Legend Rock Ranch, LOL, what are you doing with a name like Tomboy!! My we Dexter breeders get around don't we,  
I'm really glad you like the milk, I know others that have had Jersey cattle also preferred the milk to, but I'm sure jersey cream is waaaaay better! Dexter milk is not too sickly and thick, not sure if I explained that well or not, but I think you'll all know what I mean. Glad more are milking, about how much are you getting from her Paula?

Carol K


----------



## Paula (Jun 3, 2002)

Susie,
OK, it makes me feel a little better that so many there people appreciate Betty.

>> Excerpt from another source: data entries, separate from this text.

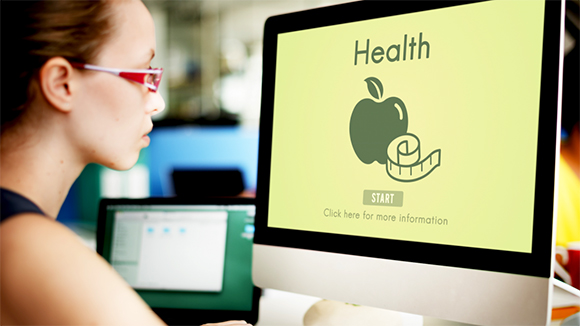 young woman looking up health programs on a computer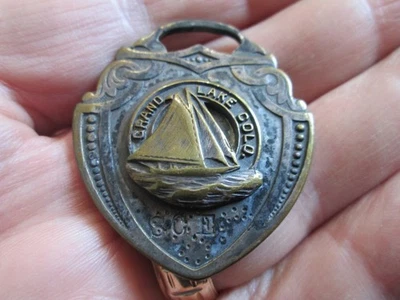 Antiguo RELOJ PUBLICITARIO GRAN LAGO COLORADO LLAVERO Foto 1 de 4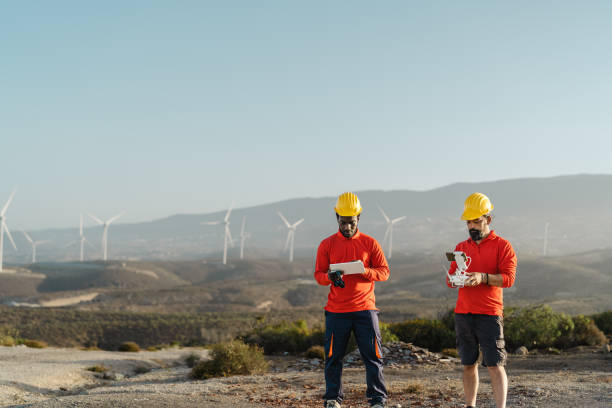 istock Drone engineers working on wind turbine farm - Alternative energy and aerial engineering concept 1497387283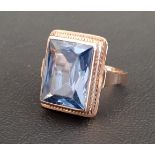 BLUE TOPAZ SINGLE STONE RING the rectangular blue topaz measuring approximately 15mm x 11.5mm x 6.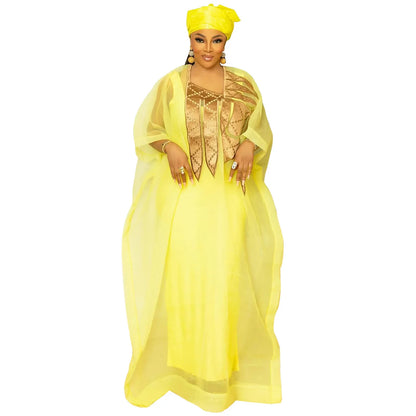 Sophisticated traditional African clothing worn by women, highlighting stunning embroidery details and pullover closure style.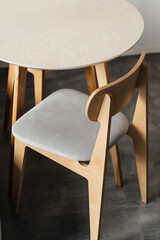 Light plywood chair and table on a gray background of the kitchen interior in the apartment.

Or... maybe a little worse that her milk is so good and I can't have any :1pig:  


Carol,
Getting a little more than a gallon/day. My sister feels like Jaelyn may be holding back some. She thinks that after everything settles down and we take the calf away she will probably give around 1 1/2 gal. The calf is penned just outside the barn and stands and bawls while her mom is being milked. Jaelyn is about 4 months into her lactation.
We are more than happy with 1 to 1 1/2 gal/day. No more drowning in milk like sometimes happens with the Jerseys even though we slow them down as fast as possible after freshening.


----------



## Carol K (May 10, 2002)

Congrats Paula, glad it's going good for you. So many people get upset about the amount their Dexters give, as someone else said not all Dexters milk well, so it's important to get one from the "milkier" lines. Some of them push 3 gallons but most seem to average 1.5-2.5 it seems. I get a good 2 gallons a day from my girl, but I just take what I want and the calf has the rest. Somedays I would only take a quart some I would take a gallon, I like that casual sort of milking it works great for me.

Carol K


----------



## agmantoo (May 23, 2003)

Regarding the horns on an older animal. The neighbor had a milk breed that knocked a horn off and wanted the other horn removed. I did not want to create a bloody mess so I waited until fly season was over and I took a small file and filed a slight groove/depression, near the head, around the good horn and applied a rubber banding ring in the recessed groove. I observed the animal and did not observe any action indicating discomfort. I do not recall how long it took but the horn fell off without incident.


----------